Indeed, without most moviegoers’ noticing, digital technologies have been slowly supplanting film-based processes that have been used since the 1920s. Imageworks’ vice president of marketing and communication Donald Levy estimates that the movie industry now spends roughly half a billion dollars per year on visual effects-almost all of them digital. At many postproduction houses chemistry labs have given way to programming carrels in which computer science graduates write algorithms that will eventually simulate the wash of waves on a beach or the separation of a Saturn V rocket from its Cape Canaveral gantry-artists working in code rather than pen and ink.
And today there is scarcely a film lab in Hollywood that does not offer digital services-up to and including the restoration of archival films-to its industry clientele along with traditional developing, color timing and print services. One of the fastest-growing business lines at Technicolor, which pioneered the first two-color photochemical process in 1916, is the digital scanning of film prints in order to insert visual effects. Kodak, which sells some 80 percent of all the film stock used in U.S. movies, has hedged its bets by opening Cinesite, a Los Angeles- and London-based subsidiary that has become one of the most important and innovative purveyors of digital services-such as digital editing, special effects, and the creation of digital master copies of negatives and prints-to moviemakers.

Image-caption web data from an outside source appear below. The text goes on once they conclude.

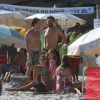 Grazi Massafera e Cauã Reymond aproveitam sol no Rio para levar a filha, Sofia, de 2 anos, à praia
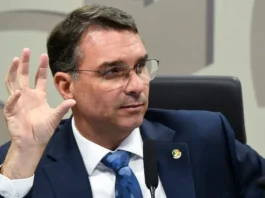 Com presença de Flávio, EUA iniciam debate sobre tarifaço contra o Brasil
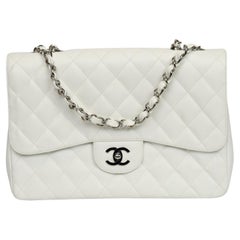 Chanel Weißer Kaviar Gestepptes Leder Jumbo Classic Flap Tasche  Silberne Hardware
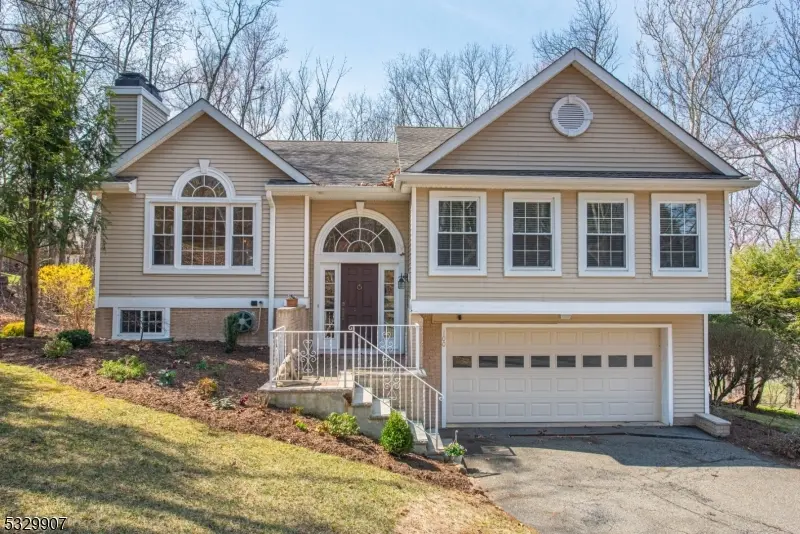 100 Canada Goose Dr, Allamuchy Twp., NJ 07840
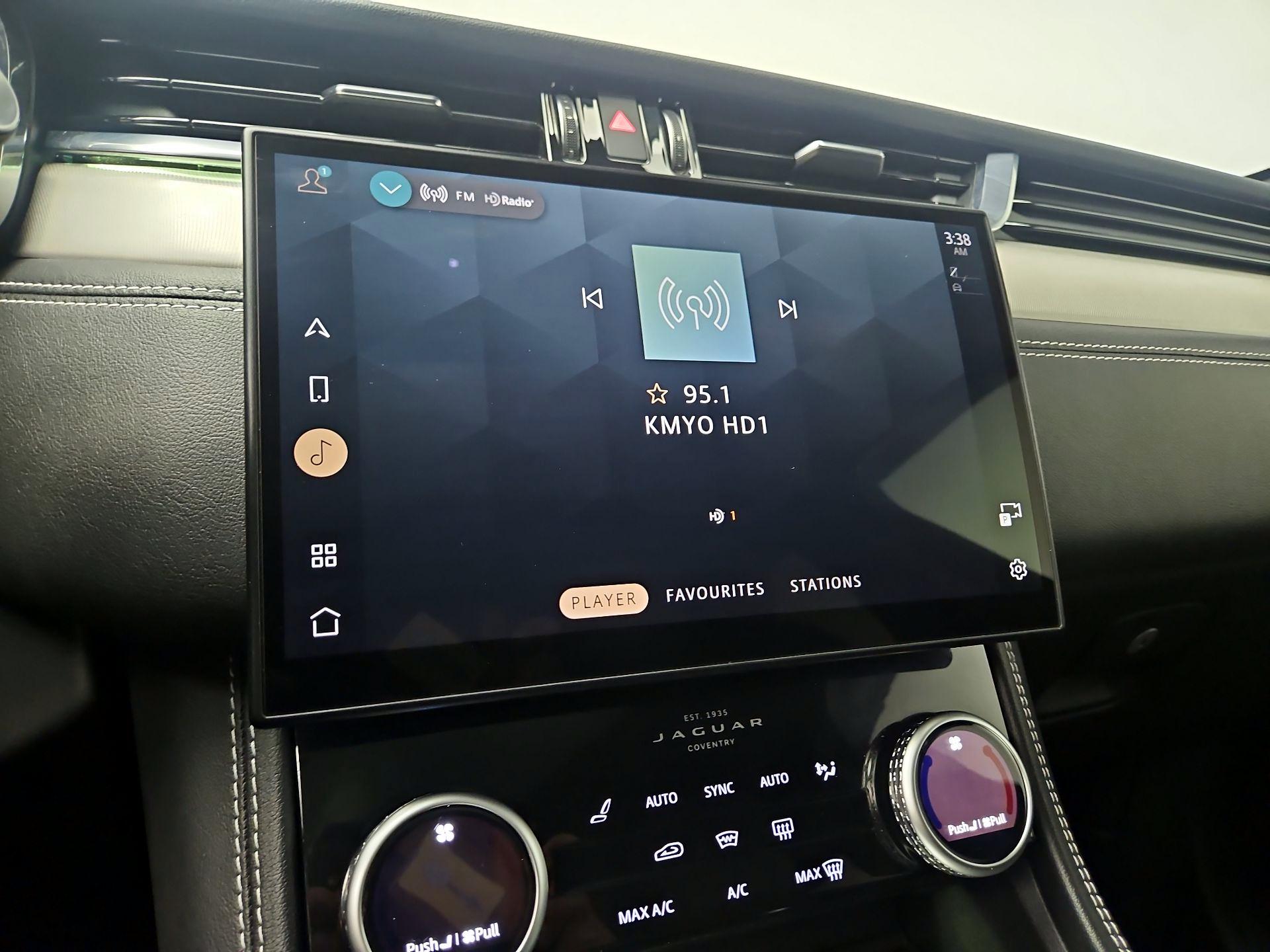 Thumbnail: 2024 Jaguar F-Pace - 16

But while large-scale digital modification of images is already rife in Hollywood, it has its limits. Clean digital files and hidden microchips haven’t quite replaced reeking photochemical emulsions and temperamental celluloid stock, and the unalloyed enthusiasm many filmmakers felt for the new technology just a couple of years ago has evolved into a mature assessment of it as one tool among many, both novel and traditional. Directors and cinematographers who have worked in the new medium have generally found that its flexibility, while valuable, also comes at a steep cost.